I ran a benchmark of mine on my computer (Intel i3-3220 @ 3.3GHz, Fedora 18), and got very unexpected results. A function pointer was actually a bit faster than an inline function.
Code:
#include <iostream>
#include <chrono>
inline short toBigEndian(short i)
{
return (i<<8)|(i>>8);
}
short (*toBigEndianPtr)(short i)=toBigEndian;
int main()
{
std::chrono::duration<double> t;
int total=0;
for(int i=0;i<10000000;i++)
{
auto begin=std::chrono::high_resolution_clock::now();
short a=toBigEndian((short)i);//toBigEndianPtr((short)i);
total+=a;
auto end=std::chrono::high_resolution_clock::now();
t+=std::chrono::duration_cast<std::chrono::duration<double>>(end-begin);
}
std::cout<<t.count()<<", "<<total<<std::endl;
return 0;
}
compiled with
g++ test.cpp -std=c++0x -O0
The 'toBigEndian' loop finishes always at around 0.26-0.27 seconds, while 'toBigEndianPtr' takes 0.21-0.22 seconds.
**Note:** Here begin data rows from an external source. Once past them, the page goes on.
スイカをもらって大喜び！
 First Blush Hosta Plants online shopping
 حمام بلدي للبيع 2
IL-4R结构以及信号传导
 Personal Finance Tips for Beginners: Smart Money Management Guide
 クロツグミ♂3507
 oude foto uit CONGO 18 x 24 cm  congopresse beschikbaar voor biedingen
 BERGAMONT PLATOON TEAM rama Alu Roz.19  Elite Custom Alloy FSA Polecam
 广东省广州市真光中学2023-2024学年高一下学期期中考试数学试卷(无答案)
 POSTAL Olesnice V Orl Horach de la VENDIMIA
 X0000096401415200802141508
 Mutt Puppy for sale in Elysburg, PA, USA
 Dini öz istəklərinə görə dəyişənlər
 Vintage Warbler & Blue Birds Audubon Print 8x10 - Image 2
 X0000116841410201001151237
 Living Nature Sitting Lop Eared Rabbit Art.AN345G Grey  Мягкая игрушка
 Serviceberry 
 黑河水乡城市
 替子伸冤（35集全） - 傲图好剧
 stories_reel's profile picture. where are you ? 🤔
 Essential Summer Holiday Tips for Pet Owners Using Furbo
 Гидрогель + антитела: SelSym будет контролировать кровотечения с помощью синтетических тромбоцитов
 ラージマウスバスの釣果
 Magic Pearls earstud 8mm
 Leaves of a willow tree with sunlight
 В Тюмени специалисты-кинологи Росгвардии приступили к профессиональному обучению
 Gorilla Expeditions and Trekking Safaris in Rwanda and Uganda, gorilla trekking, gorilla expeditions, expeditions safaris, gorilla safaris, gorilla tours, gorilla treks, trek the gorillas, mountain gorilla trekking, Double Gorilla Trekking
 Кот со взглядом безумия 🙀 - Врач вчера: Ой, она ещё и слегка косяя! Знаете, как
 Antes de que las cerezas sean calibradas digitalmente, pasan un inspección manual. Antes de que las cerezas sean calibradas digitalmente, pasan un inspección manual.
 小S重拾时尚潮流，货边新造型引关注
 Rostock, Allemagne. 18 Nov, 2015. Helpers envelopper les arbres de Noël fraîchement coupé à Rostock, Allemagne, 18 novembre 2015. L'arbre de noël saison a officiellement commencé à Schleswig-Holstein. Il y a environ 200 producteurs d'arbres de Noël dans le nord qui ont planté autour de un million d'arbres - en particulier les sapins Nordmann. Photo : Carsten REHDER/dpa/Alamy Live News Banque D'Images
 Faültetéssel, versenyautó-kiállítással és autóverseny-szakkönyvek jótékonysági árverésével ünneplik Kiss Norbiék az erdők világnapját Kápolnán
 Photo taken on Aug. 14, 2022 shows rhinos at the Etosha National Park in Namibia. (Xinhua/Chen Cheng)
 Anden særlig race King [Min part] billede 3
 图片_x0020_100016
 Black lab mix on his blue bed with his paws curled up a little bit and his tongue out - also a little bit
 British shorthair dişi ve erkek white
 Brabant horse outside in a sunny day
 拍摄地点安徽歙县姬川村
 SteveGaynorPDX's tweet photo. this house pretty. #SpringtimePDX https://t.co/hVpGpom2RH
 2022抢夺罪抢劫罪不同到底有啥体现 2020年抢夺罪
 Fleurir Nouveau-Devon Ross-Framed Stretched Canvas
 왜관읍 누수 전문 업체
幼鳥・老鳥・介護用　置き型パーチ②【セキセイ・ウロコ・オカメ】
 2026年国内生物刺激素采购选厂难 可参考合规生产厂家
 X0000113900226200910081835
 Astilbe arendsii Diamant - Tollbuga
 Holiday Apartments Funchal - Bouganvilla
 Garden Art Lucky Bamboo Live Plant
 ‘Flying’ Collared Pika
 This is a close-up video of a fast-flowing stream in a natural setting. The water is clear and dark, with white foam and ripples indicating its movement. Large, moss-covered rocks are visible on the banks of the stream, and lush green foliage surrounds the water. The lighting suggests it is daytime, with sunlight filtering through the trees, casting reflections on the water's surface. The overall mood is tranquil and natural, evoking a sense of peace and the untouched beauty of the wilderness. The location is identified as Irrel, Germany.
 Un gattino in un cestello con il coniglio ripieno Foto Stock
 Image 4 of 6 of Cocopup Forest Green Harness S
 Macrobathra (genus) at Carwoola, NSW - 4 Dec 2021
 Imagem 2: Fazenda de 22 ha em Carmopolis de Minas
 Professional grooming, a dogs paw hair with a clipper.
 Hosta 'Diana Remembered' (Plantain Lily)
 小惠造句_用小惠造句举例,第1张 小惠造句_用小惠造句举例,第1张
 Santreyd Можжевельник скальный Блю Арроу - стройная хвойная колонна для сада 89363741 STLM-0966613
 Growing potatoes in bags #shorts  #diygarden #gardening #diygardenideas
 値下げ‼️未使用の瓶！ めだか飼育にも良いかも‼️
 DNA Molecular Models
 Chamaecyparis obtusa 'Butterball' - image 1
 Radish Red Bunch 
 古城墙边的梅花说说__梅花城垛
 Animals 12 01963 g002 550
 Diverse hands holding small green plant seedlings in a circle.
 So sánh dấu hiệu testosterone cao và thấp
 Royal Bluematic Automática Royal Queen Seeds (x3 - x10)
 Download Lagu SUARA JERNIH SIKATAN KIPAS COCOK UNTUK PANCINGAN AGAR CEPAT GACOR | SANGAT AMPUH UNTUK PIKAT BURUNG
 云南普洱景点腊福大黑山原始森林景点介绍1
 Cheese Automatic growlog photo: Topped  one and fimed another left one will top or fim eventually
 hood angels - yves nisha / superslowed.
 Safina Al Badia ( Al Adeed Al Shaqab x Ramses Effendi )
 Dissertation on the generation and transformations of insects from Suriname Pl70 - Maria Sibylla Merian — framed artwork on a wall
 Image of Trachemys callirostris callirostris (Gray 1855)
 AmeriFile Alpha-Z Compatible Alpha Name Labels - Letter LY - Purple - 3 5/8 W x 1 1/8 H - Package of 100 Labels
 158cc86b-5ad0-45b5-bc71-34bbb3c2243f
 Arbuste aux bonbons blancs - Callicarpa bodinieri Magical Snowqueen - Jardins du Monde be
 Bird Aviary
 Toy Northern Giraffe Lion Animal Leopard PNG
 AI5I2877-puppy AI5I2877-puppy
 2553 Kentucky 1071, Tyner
What makes this even more odd is that when I remove 'total', the function pointer becomes the slower one at 0.35-0.37 seconds, while the inline function is at about 0.27-0.28 seconds.
My question is:
Why is the function pointer faster than the inline function when 'total' exists?
Oh s**t (do I need to censor swearing here?), I found it out. It was somehow related to the timing being inside the loop. When I moved it outside as following,
#include <iostream>
#include <chrono>
inline short toBigEndian(short i)
{
return (i<<8)|(i>>8);
}
short (*toBigEndianPtr)(short i)=toBigEndian;
int main()
{
int total=0;
auto begin=std::chrono::high_resolution_clock::now();
for(int i=0;i<100000000;i++)
{
short a=toBigEndianPtr((short)i);
total+=a;
}
auto end=std::chrono::high_resolution_clock::now();
std::cout<<std::chrono::duration_cast<std::chrono::duration<double>>(end-begin).count()<<", "<<total<<std::endl;
return 0;
}
the results are just as they should be. 0.08 seconds for inline, 0.20 seconds for pointer. Sorry for bothering you guys.